* _Task brief_:
When the line containing "Beyaz arka planda taze greyfurt suyu" appears in the data below, begin copying there and stop only after the line containing "Zariadený 2-izbový byt".

* _Raw data_:
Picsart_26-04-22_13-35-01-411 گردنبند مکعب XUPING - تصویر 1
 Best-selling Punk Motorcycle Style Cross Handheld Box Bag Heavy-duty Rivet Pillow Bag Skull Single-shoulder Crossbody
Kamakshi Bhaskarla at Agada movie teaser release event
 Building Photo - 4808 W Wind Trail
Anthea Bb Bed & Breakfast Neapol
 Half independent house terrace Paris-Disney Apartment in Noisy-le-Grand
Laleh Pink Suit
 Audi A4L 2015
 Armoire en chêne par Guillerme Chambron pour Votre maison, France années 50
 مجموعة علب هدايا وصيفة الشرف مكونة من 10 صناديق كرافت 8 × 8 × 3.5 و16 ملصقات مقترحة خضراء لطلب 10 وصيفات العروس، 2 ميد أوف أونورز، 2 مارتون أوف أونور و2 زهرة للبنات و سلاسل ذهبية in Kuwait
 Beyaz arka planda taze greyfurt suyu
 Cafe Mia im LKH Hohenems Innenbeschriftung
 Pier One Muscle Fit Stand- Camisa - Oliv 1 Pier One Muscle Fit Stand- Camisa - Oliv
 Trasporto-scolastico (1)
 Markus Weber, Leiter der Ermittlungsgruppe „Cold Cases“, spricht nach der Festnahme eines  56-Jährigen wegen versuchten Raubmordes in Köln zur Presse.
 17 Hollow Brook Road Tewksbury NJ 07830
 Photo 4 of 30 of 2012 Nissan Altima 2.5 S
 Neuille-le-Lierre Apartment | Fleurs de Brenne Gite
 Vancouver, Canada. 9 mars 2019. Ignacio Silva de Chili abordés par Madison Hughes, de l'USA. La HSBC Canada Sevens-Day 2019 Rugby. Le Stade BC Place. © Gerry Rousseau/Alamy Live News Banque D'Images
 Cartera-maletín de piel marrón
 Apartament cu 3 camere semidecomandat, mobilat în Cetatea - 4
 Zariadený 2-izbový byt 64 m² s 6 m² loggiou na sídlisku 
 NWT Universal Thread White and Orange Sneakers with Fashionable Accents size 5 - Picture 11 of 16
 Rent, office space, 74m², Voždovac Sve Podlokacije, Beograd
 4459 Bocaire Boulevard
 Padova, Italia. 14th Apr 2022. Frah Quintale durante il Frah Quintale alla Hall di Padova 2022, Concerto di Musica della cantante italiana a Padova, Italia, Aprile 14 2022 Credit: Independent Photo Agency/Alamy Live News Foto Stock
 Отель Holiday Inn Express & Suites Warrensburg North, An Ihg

* _Task solution_:
 Beyaz arka planda taze greyfurt suyu
 Cafe Mia im LKH Hohenems Innenbeschriftung
 Pier One Muscle Fit Stand- Camisa - Oliv 1 Pier One Muscle Fit Stand- Camisa - Oliv
 Trasporto-scolastico (1)
 Markus Weber, Leiter der Ermittlungsgruppe „Cold Cases“, spricht nach der Festnahme eines  56-Jährigen wegen versuchten Raubmordes in Köln zur Presse.
 17 Hollow Brook Road Tewksbury NJ 07830
 Photo 4 of 30 of 2012 Nissan Altima 2.5 S
 Neuille-le-Lierre Apartment | Fleurs de Brenne Gite
 Vancouver, Canada. 9 mars 2019. Ignacio Silva de Chili abordés par Madison Hughes, de l'USA. La HSBC Canada Sevens-Day 2019 Rugby. Le Stade BC Place. © Gerry Rousseau/Alamy Live News Banque D'Images
 Cartera-maletín de piel marrón
 Apartament cu 3 camere semidecomandat, mobilat în Cetatea - 4
 Zariadený 2-izbový byt 64 m² s 6 m² loggiou na sídlisku 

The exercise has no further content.